Sozialwohnungen werden in vielen großen Städten nur noch an „Statushalter“, also erwerbstätige Asylbewerber, oder Flüchtlinge vergeben. Die heimische Bevölkerung kommt nicht mehr zum Zug. In Ballungsgebieten ist für sie das Wohnen unbezahlbar, junge Leute müssen bei den Eltern wohnen bleiben, Familiengründungen bleiben damit aus. In vielen Städten gibt es längst „No-Go-Areas“, die Mocro-Mafia, also die marokkanische Mafia hat einzelne Stadtgebiete fest im Griff. Fast täglich gibt es zwischen den einzelnen Clans Schießereien auf offener Straße.

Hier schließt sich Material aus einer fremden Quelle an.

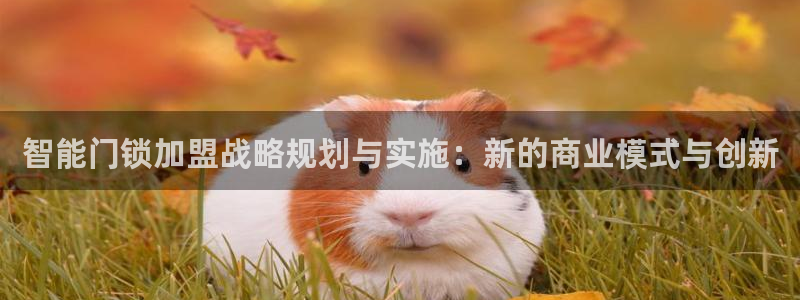 开丰娱乐官网平台电话：智能门锁加盟战略规划与实施：新的商业模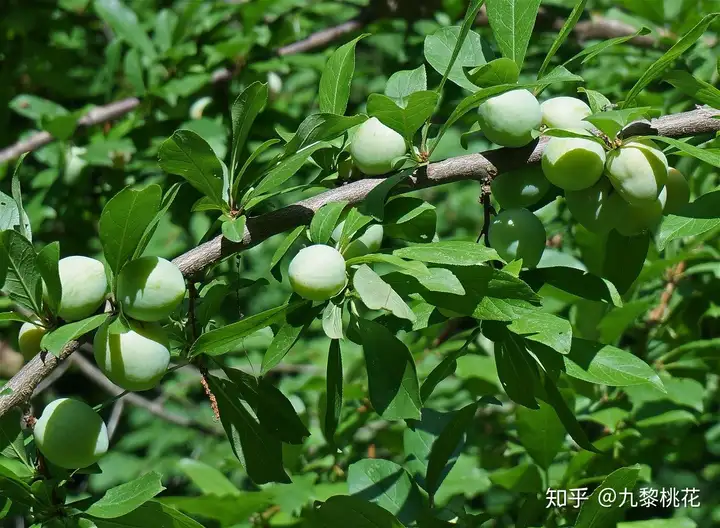 【节气】芒种最全的习俗知识，一起看看吧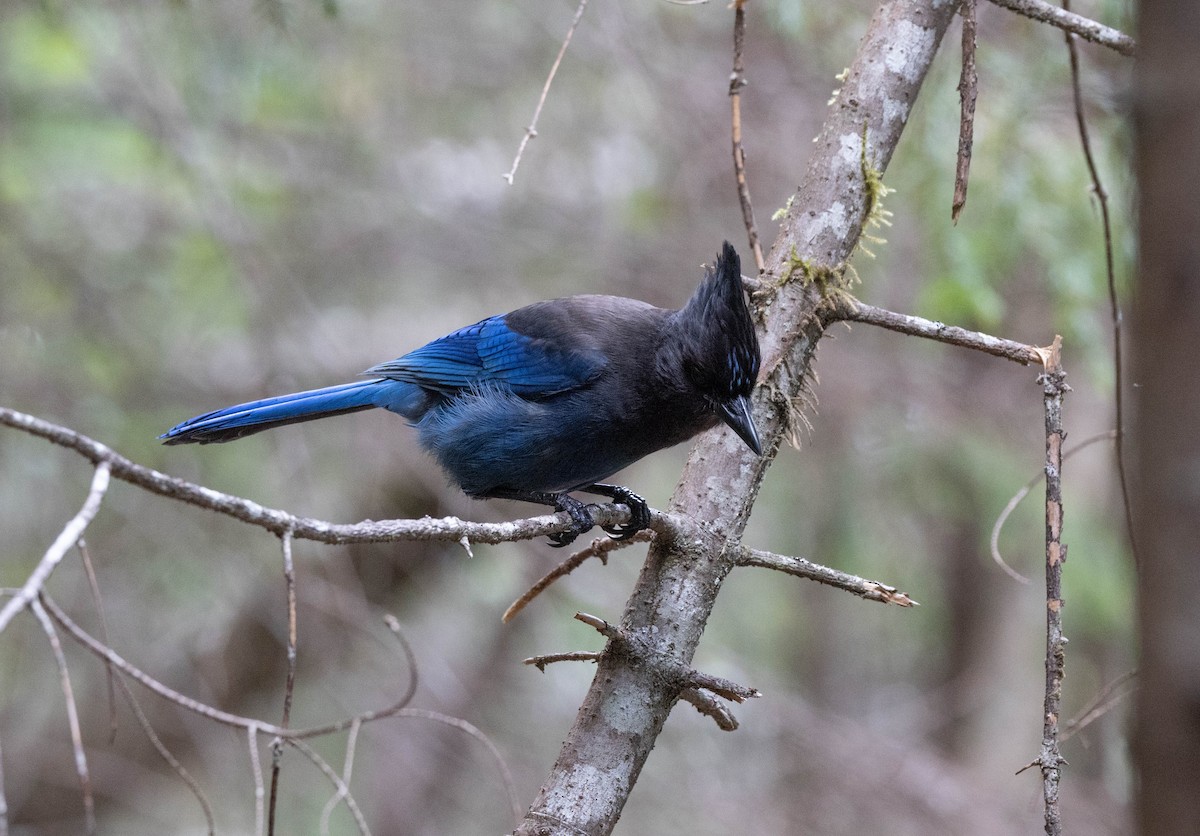 Steller's Jay - ML620250822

Wie bereits zuvor angesprochen sind die Enteignungsvorhaben der Rutte-Regierung eng mit der Migrationsfrage verzahnt. Die dadurch hervorgerufenen Bauernproteste waren im letzten Jahr das bestimmende Thema in der niederländischen Politik. Doch nun entsteht der Eindruck, dass sich der Kampf gegen die massenhafte Enteignung durch die Erfolge der Bauernpartei von der Straße ins Parlament verlagert hat. Trügt dieser Eindruck oder sind größere Bauernproteste nicht mehr zu erwarten?

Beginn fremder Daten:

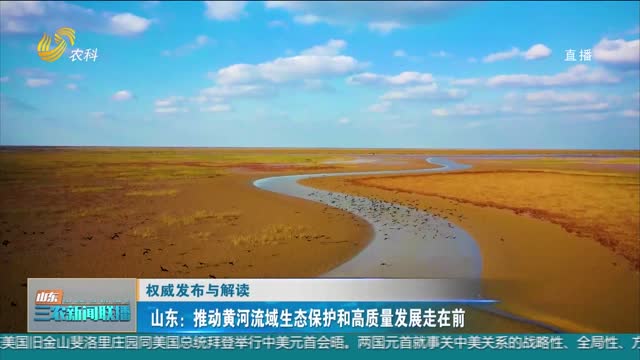 【权威发布与解读】山东：推动黄河流域生态保护和高质量发展走在前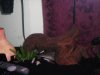 DSCF0215.JPG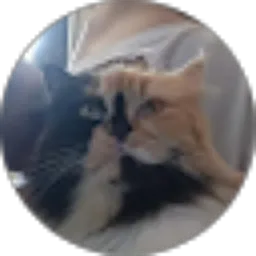 Review From Ariie Widodo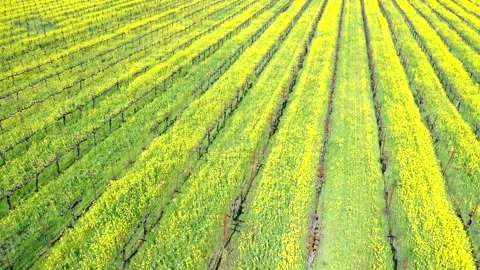 WineCountryWinter1 Stock Footage 252681332
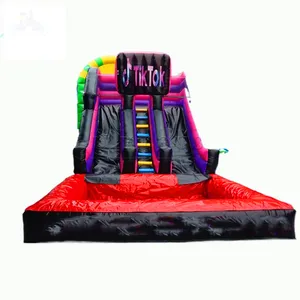 Hot Design Commercial Tiktok Playground Jumping Bouncy Castle Bounce House Double Lane Slide With Pool For Sale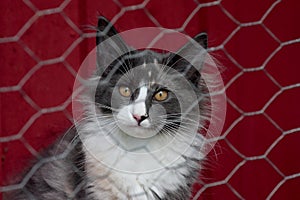 A norwegian forest cat kitten in cat run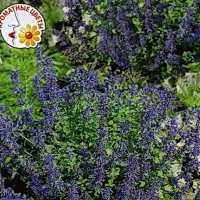 Купить Котовник Кошечка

Die Regierung hat den Maßnahmenkatalog zur Stickstoffreduzierung, der vor zwei Wochen verabschiedet werden sollte, nicht durchsetzen können. Geplant waren dabei gezielte Enteignungen, bei denen die Bauern für einen Verkauf ihres Landes mehr Geld erhalten sollten, als sie durch das Weiterbewirtschaften hätten erzielen könnten. Die niederländischen Bauernverbände, allen voran die „Farmers Defence Force“, sind sehr wachsam. Sie waren Ende Juni erneut mit ihren Traktoren in Den Haag, wobei die Stadtverwaltung mittlerweile regelmäßig deren Demonstrationen untersagt.

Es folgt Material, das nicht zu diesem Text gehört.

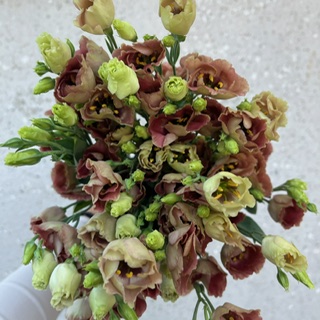Mocha Brown Lisianthus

In den Niederlanden können die Bauern mit ihren Protesten und ihren Anliegen auf eine große Unterstützung durch die Bevölkerung rechnen. Jeder weiß, dass die Niederlande von der Landwirtschaft leben und mittlerweile dämmert es auch immer mehr Leuten, dass die rigide Stickstoffpolitik, die zur Halbierung des Viehbestands führen würde, eigentlich ganz anderen Zwecken als dem Klima und der Umwelt dienen soll. Es geht darum, Land für die vielen Neubürger und Land für eines von Ruttes Lieblingsprojekten, dem Städteverbund von „Tristatecity“, zu bekommen. Mit ihrem Kreuz bei der BBB haben die Niederländer im März deutlich gezeigt, was sie von diesen Plänen halten.
Den Kampfgeist der niederländischen Bauern kennend gehe ich nicht davon aus, dass sie sich darauf verlassen, dass der Protest nur noch im Parlament stattfindet. Sie werden weiter auf die Straße gehen und für ihre Belange eintreten. Erst recht, wenn es tatsächlich zu Enteignungen kommen sollte.
Sehr geehrte Frau Boßdorf, herzlichen Dank für das Gespräch!
Irmhild Boßdorf ist Fraktionsgeschäftsführerin der AfD-Fraktion im Landschaftsverband Rheinland. Am kommenden Parteitag in Magdeburg tritt sie als Kandidaten für die kommenden EU-Wahlen an.